What is the concept of a “global monsoon” and how does it better explain the characteristics of monsoons?
The term “global monsoon” has been given to the dominant mode of the seasonal cycle of low-latitude rainfall and circulation, which is a circumglobal annual north-south migration of the tropical rainband. Rather than viewing the regional monsoons as independent circulations driven by land-sea contrast, this perspective views them as seasonal changes in the Hadley circulation and the latitude of the tropical rainfall, with larger amplitude migrations over land. This picture, where inter-hemispheric contrast is the primary driver, matches with the behavior seen in the paleoclimate record. The regional monsoons may vary separately year-to-year and appear independent, but they share similar dynamics and variability on millennial timescales.
What are some of the unresolved questions where additional research, data, or modeling is needed?
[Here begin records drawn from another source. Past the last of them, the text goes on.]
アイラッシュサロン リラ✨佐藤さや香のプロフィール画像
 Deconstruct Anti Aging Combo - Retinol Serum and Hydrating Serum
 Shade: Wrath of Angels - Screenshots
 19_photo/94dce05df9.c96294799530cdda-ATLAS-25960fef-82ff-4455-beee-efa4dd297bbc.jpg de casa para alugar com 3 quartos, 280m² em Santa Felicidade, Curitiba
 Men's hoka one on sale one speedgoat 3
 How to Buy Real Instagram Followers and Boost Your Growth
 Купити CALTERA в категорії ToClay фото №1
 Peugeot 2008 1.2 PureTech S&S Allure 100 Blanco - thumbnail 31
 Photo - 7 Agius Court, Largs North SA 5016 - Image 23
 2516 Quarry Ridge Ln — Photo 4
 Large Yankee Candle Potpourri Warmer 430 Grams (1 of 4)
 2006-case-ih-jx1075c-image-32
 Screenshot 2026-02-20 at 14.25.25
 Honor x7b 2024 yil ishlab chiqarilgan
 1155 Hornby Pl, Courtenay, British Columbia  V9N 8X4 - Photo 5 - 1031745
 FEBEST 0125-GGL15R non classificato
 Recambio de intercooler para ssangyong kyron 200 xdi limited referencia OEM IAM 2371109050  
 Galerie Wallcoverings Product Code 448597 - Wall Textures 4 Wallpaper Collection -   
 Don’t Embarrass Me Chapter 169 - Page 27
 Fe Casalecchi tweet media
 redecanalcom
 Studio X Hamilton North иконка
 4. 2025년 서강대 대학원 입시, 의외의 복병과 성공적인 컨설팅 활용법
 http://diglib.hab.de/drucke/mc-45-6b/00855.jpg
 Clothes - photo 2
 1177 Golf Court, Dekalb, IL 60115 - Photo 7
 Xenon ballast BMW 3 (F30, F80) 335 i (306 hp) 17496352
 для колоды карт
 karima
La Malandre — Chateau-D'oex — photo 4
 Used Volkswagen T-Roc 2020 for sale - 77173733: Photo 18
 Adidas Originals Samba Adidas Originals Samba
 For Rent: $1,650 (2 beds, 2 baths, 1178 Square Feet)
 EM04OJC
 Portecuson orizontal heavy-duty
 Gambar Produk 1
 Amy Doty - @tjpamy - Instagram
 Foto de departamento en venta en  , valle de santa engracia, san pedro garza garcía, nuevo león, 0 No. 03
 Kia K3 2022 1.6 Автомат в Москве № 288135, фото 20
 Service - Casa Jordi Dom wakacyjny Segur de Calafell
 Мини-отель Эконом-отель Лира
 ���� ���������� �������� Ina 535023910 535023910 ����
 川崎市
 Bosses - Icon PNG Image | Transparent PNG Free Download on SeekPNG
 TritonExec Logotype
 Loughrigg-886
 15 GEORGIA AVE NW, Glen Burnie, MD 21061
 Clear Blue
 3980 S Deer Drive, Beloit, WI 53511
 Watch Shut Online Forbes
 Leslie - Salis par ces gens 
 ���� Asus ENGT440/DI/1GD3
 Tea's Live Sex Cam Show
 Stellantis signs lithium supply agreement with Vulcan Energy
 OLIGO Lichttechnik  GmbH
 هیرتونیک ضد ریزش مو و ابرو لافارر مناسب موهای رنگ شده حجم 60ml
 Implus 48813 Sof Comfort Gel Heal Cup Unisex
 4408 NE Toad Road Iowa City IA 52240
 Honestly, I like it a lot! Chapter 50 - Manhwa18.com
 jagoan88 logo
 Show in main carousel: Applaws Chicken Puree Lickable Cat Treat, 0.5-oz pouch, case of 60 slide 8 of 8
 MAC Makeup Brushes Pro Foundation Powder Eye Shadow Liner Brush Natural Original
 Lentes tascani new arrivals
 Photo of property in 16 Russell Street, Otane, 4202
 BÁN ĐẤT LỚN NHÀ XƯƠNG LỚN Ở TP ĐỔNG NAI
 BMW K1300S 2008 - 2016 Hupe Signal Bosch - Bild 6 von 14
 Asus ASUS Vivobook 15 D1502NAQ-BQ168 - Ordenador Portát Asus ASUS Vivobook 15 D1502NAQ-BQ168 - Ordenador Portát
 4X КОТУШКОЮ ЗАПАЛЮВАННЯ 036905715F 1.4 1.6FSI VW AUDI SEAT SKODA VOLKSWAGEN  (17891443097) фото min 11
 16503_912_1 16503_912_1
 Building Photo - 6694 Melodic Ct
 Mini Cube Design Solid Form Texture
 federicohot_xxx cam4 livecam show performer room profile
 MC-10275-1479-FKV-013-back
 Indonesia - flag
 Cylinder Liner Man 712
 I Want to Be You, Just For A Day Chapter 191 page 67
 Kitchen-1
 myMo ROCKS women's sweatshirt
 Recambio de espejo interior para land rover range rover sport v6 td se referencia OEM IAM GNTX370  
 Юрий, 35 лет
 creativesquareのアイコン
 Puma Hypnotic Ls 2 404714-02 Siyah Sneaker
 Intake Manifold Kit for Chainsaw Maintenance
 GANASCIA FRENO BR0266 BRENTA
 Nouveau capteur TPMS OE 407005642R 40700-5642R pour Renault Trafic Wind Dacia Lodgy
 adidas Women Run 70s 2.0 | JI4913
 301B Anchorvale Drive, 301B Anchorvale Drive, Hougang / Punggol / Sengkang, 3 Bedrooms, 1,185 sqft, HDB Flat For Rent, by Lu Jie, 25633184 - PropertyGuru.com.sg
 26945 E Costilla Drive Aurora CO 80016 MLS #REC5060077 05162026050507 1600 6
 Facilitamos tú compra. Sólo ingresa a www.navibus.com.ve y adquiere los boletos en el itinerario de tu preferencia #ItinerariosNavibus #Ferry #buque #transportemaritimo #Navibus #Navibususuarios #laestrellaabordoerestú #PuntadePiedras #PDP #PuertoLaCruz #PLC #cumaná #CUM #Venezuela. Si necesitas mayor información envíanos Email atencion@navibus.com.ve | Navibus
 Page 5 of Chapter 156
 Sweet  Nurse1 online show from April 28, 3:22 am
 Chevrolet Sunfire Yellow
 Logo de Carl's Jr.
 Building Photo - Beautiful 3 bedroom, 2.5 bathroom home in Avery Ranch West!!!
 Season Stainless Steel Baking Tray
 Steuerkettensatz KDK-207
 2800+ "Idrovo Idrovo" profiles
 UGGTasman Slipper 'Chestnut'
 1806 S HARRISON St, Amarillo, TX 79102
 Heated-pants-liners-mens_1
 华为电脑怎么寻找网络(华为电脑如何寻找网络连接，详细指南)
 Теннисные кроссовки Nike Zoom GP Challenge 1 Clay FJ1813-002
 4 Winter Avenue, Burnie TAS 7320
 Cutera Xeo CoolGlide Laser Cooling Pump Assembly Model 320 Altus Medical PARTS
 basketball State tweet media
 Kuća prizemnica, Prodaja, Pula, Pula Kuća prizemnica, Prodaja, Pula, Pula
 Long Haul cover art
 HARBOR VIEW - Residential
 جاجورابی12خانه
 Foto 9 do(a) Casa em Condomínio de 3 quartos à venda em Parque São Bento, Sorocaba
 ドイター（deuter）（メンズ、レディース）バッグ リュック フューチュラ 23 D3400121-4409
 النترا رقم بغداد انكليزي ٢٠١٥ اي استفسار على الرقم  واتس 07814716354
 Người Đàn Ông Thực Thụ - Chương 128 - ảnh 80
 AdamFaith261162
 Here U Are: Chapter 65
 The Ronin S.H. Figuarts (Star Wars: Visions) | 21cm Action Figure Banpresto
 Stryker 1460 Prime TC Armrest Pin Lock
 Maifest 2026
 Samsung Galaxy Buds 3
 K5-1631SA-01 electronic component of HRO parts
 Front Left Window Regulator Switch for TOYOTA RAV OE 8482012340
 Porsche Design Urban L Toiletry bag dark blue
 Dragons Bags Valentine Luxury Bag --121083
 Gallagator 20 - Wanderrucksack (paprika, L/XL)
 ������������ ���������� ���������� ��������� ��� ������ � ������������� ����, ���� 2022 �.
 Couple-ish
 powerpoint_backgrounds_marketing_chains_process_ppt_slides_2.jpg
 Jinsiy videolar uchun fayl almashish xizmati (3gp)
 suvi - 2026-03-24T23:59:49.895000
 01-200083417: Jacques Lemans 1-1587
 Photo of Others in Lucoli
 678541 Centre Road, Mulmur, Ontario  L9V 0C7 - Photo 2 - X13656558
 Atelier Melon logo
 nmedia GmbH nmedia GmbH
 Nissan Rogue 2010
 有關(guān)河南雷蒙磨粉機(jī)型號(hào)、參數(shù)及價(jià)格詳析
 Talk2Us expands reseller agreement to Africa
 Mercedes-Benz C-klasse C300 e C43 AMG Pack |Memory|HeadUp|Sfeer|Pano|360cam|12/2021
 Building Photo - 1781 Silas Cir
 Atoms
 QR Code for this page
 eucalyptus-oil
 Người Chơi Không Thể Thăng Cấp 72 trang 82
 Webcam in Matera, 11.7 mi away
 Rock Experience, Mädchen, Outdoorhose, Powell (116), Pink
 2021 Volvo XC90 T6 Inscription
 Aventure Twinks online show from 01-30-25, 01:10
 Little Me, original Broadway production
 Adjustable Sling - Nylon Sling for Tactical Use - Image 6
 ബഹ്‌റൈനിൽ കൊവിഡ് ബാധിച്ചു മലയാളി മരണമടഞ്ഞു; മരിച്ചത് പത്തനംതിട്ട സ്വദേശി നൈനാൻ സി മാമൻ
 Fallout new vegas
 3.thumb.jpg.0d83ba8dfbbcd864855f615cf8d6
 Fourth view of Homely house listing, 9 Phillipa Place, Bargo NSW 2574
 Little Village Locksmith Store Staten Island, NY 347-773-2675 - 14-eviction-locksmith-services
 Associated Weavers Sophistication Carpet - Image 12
Aquaplanet simulations are allowing fundamental controls on the location, intensity, and width of the tropical rainband to be investigated, and multiple theories have been developed for these features based on momentum and energy conservation. More research is needed to connect these theories, to test the timescales on which they apply, and to explore how they might need adapting to account for Earth’s zonal asymmetries. Land-sea contrast may not be the key ingredient for the monsoons, but it remains important in generating the rich regional behavior we experience.
Perhaps the greatest challenge for theory and modeling is to determine how the monsoon systems will change in future climates. State-of-the-art model simulations that are part of Phase 6 of the Coupled Model Intercomparison Project are targeting this question. These data provide a new test for theory and should incite further exciting advances.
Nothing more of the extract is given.